= Beginning of Section =

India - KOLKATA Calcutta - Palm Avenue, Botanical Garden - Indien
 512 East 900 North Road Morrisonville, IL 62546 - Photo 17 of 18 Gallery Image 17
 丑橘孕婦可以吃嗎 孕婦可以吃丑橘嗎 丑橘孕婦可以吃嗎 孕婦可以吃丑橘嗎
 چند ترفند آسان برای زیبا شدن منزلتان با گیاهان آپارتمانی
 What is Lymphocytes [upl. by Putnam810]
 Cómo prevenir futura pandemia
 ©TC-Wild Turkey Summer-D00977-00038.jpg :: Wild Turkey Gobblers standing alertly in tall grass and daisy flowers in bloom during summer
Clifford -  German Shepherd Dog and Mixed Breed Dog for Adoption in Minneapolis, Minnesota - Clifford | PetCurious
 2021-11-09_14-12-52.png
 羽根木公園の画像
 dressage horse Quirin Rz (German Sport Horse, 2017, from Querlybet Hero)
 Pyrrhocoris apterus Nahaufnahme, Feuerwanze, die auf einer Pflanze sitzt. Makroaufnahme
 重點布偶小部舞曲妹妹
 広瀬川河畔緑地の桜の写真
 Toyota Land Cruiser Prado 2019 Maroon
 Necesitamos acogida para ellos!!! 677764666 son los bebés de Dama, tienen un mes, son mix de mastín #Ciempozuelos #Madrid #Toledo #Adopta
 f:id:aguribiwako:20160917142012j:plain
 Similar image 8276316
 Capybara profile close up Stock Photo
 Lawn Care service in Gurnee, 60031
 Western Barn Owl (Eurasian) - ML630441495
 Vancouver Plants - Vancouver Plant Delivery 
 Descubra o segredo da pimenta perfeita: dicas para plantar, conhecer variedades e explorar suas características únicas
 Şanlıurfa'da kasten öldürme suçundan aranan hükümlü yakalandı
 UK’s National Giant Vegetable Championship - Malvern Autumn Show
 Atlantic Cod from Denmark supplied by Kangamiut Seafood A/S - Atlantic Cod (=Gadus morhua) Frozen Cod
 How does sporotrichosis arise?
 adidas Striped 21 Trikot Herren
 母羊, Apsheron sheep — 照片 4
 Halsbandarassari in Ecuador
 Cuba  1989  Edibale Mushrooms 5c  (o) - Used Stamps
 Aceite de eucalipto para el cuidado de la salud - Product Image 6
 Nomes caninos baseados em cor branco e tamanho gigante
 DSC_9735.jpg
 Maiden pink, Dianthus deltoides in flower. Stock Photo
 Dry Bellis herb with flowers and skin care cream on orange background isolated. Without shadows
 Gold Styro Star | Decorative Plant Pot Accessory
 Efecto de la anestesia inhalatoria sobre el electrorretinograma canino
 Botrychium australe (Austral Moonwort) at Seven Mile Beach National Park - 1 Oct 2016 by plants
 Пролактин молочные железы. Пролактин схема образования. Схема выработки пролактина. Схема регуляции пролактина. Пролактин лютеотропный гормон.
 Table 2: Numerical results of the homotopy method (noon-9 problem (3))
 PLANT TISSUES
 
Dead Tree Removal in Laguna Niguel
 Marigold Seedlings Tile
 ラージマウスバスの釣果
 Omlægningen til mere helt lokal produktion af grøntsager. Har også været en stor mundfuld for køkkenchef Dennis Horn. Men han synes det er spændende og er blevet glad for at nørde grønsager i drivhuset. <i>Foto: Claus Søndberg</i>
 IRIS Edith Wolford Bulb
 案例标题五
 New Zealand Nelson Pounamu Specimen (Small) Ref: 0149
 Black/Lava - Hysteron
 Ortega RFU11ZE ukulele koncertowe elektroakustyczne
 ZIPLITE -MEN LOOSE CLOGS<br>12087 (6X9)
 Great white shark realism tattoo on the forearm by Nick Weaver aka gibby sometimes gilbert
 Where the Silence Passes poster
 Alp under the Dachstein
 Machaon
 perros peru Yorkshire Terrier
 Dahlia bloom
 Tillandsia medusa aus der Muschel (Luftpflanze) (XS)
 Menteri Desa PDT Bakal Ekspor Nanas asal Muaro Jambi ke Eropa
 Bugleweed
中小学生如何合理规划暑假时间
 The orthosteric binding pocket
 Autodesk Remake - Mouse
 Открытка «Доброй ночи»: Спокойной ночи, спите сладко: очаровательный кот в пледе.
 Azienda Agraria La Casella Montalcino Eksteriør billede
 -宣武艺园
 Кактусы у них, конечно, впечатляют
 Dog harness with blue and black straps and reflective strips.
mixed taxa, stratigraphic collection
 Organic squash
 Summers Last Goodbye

= End of Section =

**Task description**
All of the entries above must be output word for word.

**Answer space**
India - KOLKATA Calcutta - Palm Avenue, Botanical Garden - Indien
 512 East 900 North Road Morrisonville, IL 62546 - Photo 17 of 18 Gallery Image 17
 丑橘孕婦可以吃嗎 孕婦可以吃丑橘嗎 丑橘孕婦可以吃嗎 孕婦可以吃丑橘嗎
 چند ترفند آسان برای زیبا شدن منزلتان با گیاهان آپارتمانی
 What is Lymphocytes [upl. by Putnam810]
 Cómo prevenir futura pandemia
 ©TC-Wild Turkey Summer-D00977-00038.jpg :: Wild Turkey Gobblers standing alertly in tall grass and daisy flowers in bloom during summer
Clifford -  German Shepherd Dog and Mixed Breed Dog for Adoption in Minneapolis, Minnesota - Clifford | PetCurious
 2021-11-09_14-12-52.png
 羽根木公園の画像
 dressage horse Quirin Rz (German Sport Horse, 2017, from Querlybet Hero)
 Pyrrhocoris apterus Nahaufnahme, Feuerwanze, die auf einer Pflanze sitzt. Makroaufnahme
 重點布偶小部舞曲妹妹
 広瀬川河畔緑地の桜の写真
 Toyota Land Cruiser Prado 2019 Maroon
 Necesitamos acogida para ellos!!! 677764666 son los bebés de Dama, tienen un mes, son mix de mastín #Ciempozuelos #Madrid #Toledo #Adopta
 f:id:aguribiwako:20160917142012j:plain
 Similar image 8276316
 Capybara profile close up Stock Photo
 Lawn Care service in Gurnee, 60031
 Western Barn Owl (Eurasian) - ML630441495
 Vancouver Plants - Vancouver Plant Delivery 
 Descubra o segredo da pimenta perfeita: dicas para plantar, conhecer variedades e explorar suas características únicas
 Şanlıurfa'da kasten öldürme suçundan aranan hükümlü yakalandı
 UK’s National Giant Vegetable Championship - Malvern Autumn Show
 Atlantic Cod from Denmark supplied by Kangamiut Seafood A/S - Atlantic Cod (=Gadus morhua) Frozen Cod
 How does sporotrichosis arise?
 adidas Striped 21 Trikot Herren
 母羊, Apsheron sheep — 照片 4
 Halsbandarassari in Ecuador
 Cuba  1989  Edibale Mushrooms 5c  (o) - Used Stamps
 Aceite de eucalipto para el cuidado de la salud - Product Image 6
 Nomes caninos baseados em cor branco e tamanho gigante
 DSC_9735.jpg
 Maiden pink, Dianthus deltoides in flower. Stock Photo
 Dry Bellis herb with flowers and skin care cream on orange background isolated. Without shadows
 Gold Styro Star | Decorative Plant Pot Accessory
 Efecto de la anestesia inhalatoria sobre el electrorretinograma canino
 Botrychium australe (Austral Moonwort) at Seven Mile Beach National Park - 1 Oct 2016 by plants
 Пролактин молочные железы. Пролактин схема образования. Схема выработки пролактина. Схема регуляции пролактина. Пролактин лютеотропный гормон.
 Table 2: Numerical results of the homotopy method (noon-9 problem (3))
 PLANT TISSUES
 
Dead Tree Removal in Laguna Niguel
 Marigold Seedlings Tile
 ラージマウスバスの釣果
 Omlægningen til mere helt lokal produktion af grøntsager. Har også været en stor mundfuld for køkkenchef Dennis Horn. Men han synes det er spændende og er blevet glad for at nørde grønsager i drivhuset. <i>Foto: Claus Søndberg</i>
 IRIS Edith Wolford Bulb
 案例标题五
 New Zealand Nelson Pounamu Specimen (Small) Ref: 0149
 Black/Lava - Hysteron
 Ortega RFU11ZE ukulele koncertowe elektroakustyczne
 ZIPLITE -MEN LOOSE CLOGS<br>12087 (6X9)
 Great white shark realism tattoo on the forearm by Nick Weaver aka gibby sometimes gilbert
 Where the Silence Passes poster
 Alp under the Dachstein
 Machaon
 perros peru Yorkshire Terrier
 Dahlia bloom
 Tillandsia medusa aus der Muschel (Luftpflanze) (XS)
 Menteri Desa PDT Bakal Ekspor Nanas asal Muaro Jambi ke Eropa
 Bugleweed
中小学生如何合理规划暑假时间
 The orthosteric binding pocket
 Autodesk Remake - Mouse
 Открытка «Доброй ночи»: Спокойной ночи, спите сладко: очаровательный кот в пледе.
 Azienda Agraria La Casella Montalcino Eksteriør billede
 -宣武艺园
 Кактусы у них, конечно, впечатляют
 Dog harness with blue and black straps and reflective strips.
mixed taxa, stratigraphic collection
 Organic squash
 Summers Last Goodbye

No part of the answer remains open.